Crítica | O Enigma Chinês

Dez anos depois dos acontecimentos de Bonecas Russas (2005) e quinze, de Albergue Espanhol (2002), o diretor e roteirista Cédric Klapisch apresenta O Enigma Chinês (2013), conclusão de sua trilogia sobre a vida, o amor, a cultura, a diversidade e tudo que encontramos pela nossa trajetória na Terra. O tempo narrativo não corresponde ao tempo real das produções, diferente da romântica trilogia Antes do Amanhecer (1995), de Richard Linklater.

Novamente, Klapisch mistura sonho e factual, na metalinguagem criada por seu protagonista Xavier Rousseau (Romain Duris), o seu alterego dramático. Essa dicotomia entre realidade e ficção, personagem e escritor, se desenvolve de forma harmônica durante todo o filme, na presença do editor e do protagonista/narrador. Os outros filmes já seguiam esse modelo, contado por Xavier em frente à tela do computador, digitando suas aventuras e incertezas. Aqui, a problemática do contador de histórias é maior porque chega o grad finale (será?) dos personagens. Afinal, a vida e a ficção terminam felizes ou de forma trágica?
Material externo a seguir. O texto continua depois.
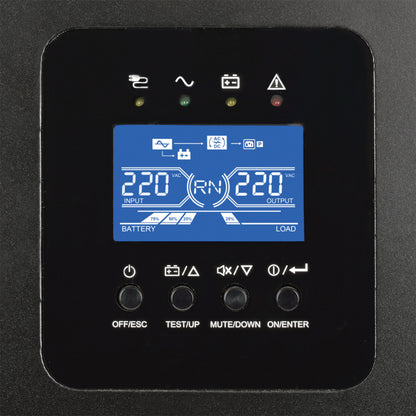Onduleur tour 30 kVA Tripp Lite par Eaton SmartOnline SVT30KX SVT30KX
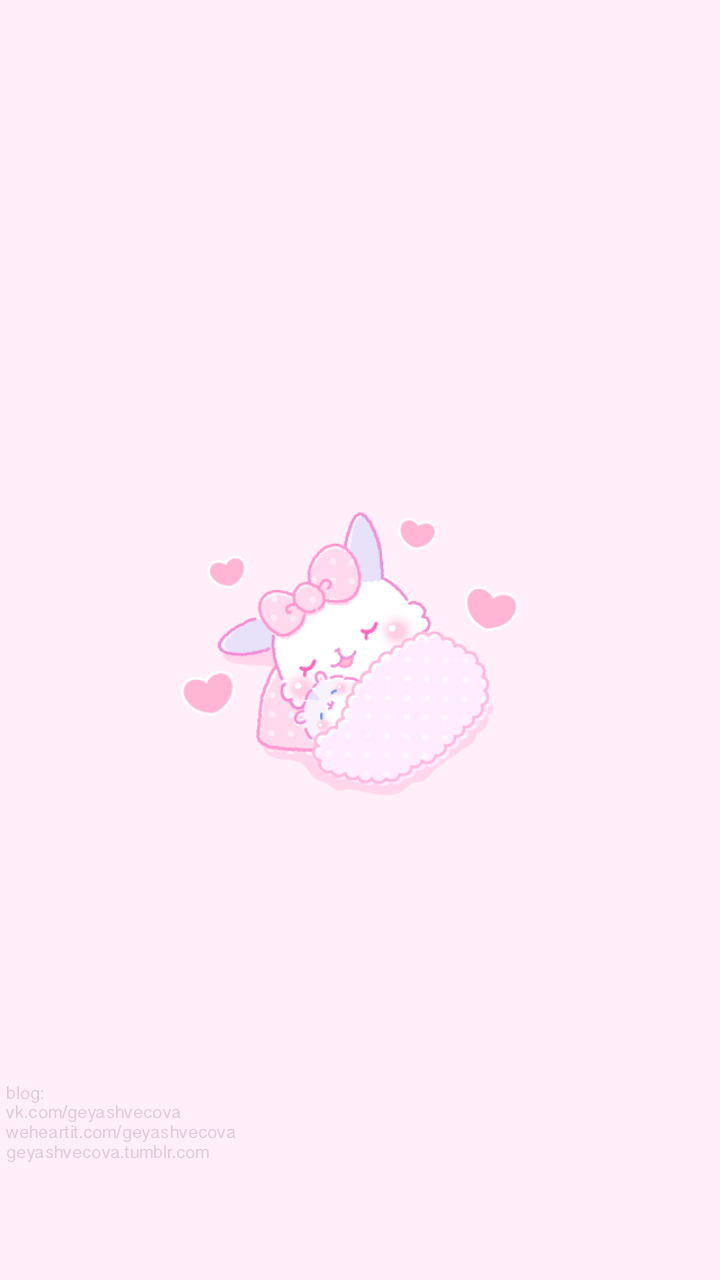 Pink Kawaii Pastel Wallpapers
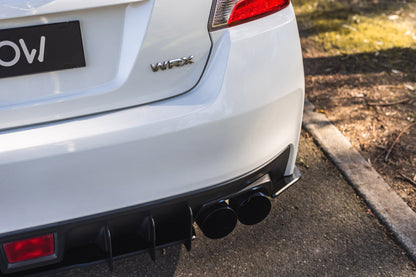 Flow Designs VA WRX & STI Flow-Lock Rear Diffuser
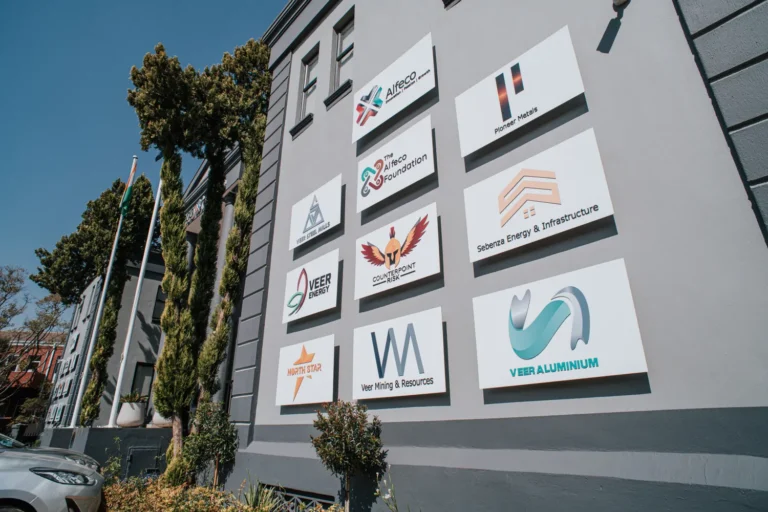 Alfeco Exterior Building Signage By Three6ixty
É interessante perceber que cada filme tinha a sua própria conclusão, com a qual os personagens encerravam determinada etapa da vida. Klapisch remexe seus pauzinhos para mostrar que os términos são periódicos. O final feliz ocorre dezenas, centenas de vezes pelo caminho, assim como as tragédias. Não há escapatória. Ninguém está à mercê de si mesmo, portanto, nossos momentos de satisfação e decepção estão conjugados com as ações dos outros.

Tudo é muito simbólico em o Enigma Chinês, esse modelo de narração foi o ponto forte dos dois filmes anteriores e continua afiado nessa terceira parte. Se aos 25 anos, Xavier foi descobrir uma nova língua, se desprendeu do amor, aceitou a paixão e suas aventuras, aos 30 anos, ele buscava estabilidade em um relacionamento seguro e duradouro. Quem diria que a reprimida Wendy (Kelly Reilly), do primeiro longa, se tornaria o mulherão e a grande companheira de Xavier?

Agora, aos 40 anos, Xavier se encontra em busca de se reconectar com o mundo, e recomeçar completamente a sua vida. Seria uma loucura para a maioria das pessoas iniciar tudo nessa idade, mas ele consegue encarar todos os problemas com humor e otimismo inacreditáveis. Assim, o protagonista ao invés de passar de boneca a boneca até saber qual a que está no final, ele tenta montar um quebra-cabeça das complicações da vida.

Após 10 anos juntos, dois filhos, Wendy e Xavier não são o mesmo casal. Simplesmente, você acorda uma manhã, olha para o seu parceiro e percebe que tudo o que os mantinham unidos desapareceu. Wendy decide se mudar para Nova York, viver com outro homem e, claro, levar os filhos. A separação do casal não é a questão, o amor acabou, os dois enxergam isso, a gente enxerga isso, o problema são os filhos.

Para não perdê-los, assim como aconteceu com seu próprio pai, Xavier também decide se mudar para a Big Apple. O humor se destaca no estranhamento do estrangeiro com os norte-americanos e da diferença da Nova York imaginária para realidade. Além disso, o filme mostra um pouco de todos os impropérios dos estrangeiros para continuarem a viver legalmente nos Estados Unidos. Ser pai para Xavier é um ofício importante, as crianças estão sempre em primeiro lugar, já as mulheres são deixadas em segundo plano.

Para ajudá-lo a se adaptar a nova cidade, ele conta com amiga lésbica Isabelle (Cécile De France), agora habitante de Nova York e desesperada para conceber uma criança. Outra ponta desse quebra-cabeça é constituída por Martine (Audrey Tatou), atualmente, uma mulher independente, executiva e com dois filhos. A carência dos 40 anos a une às mesmas expectativas de Xavier. É bom ver o desenvolvimento dos personagens, no entanto, quem nunca viu os outros filmes também consegue acompanhar essa etapa da história sem grandes problemas.

O título, como sempre relativo à busca do protagonista, é representativo nessa derradeira aventura. Após o belíssimo final de Bonecas Russas, esse longa a princípio se torna uma decepção, porque você se envolve com o casal no filme anterior e não quer que ele se desmanche. Klapisch, no entanto, está pronto para mostrar que a vida dá voltas, retorna ao início de partida e o passado está sempre entranhado em todo o futuro. O Enigma Chinês é filosófico, divertido e um gostoso jogo entre o real e o imaginário.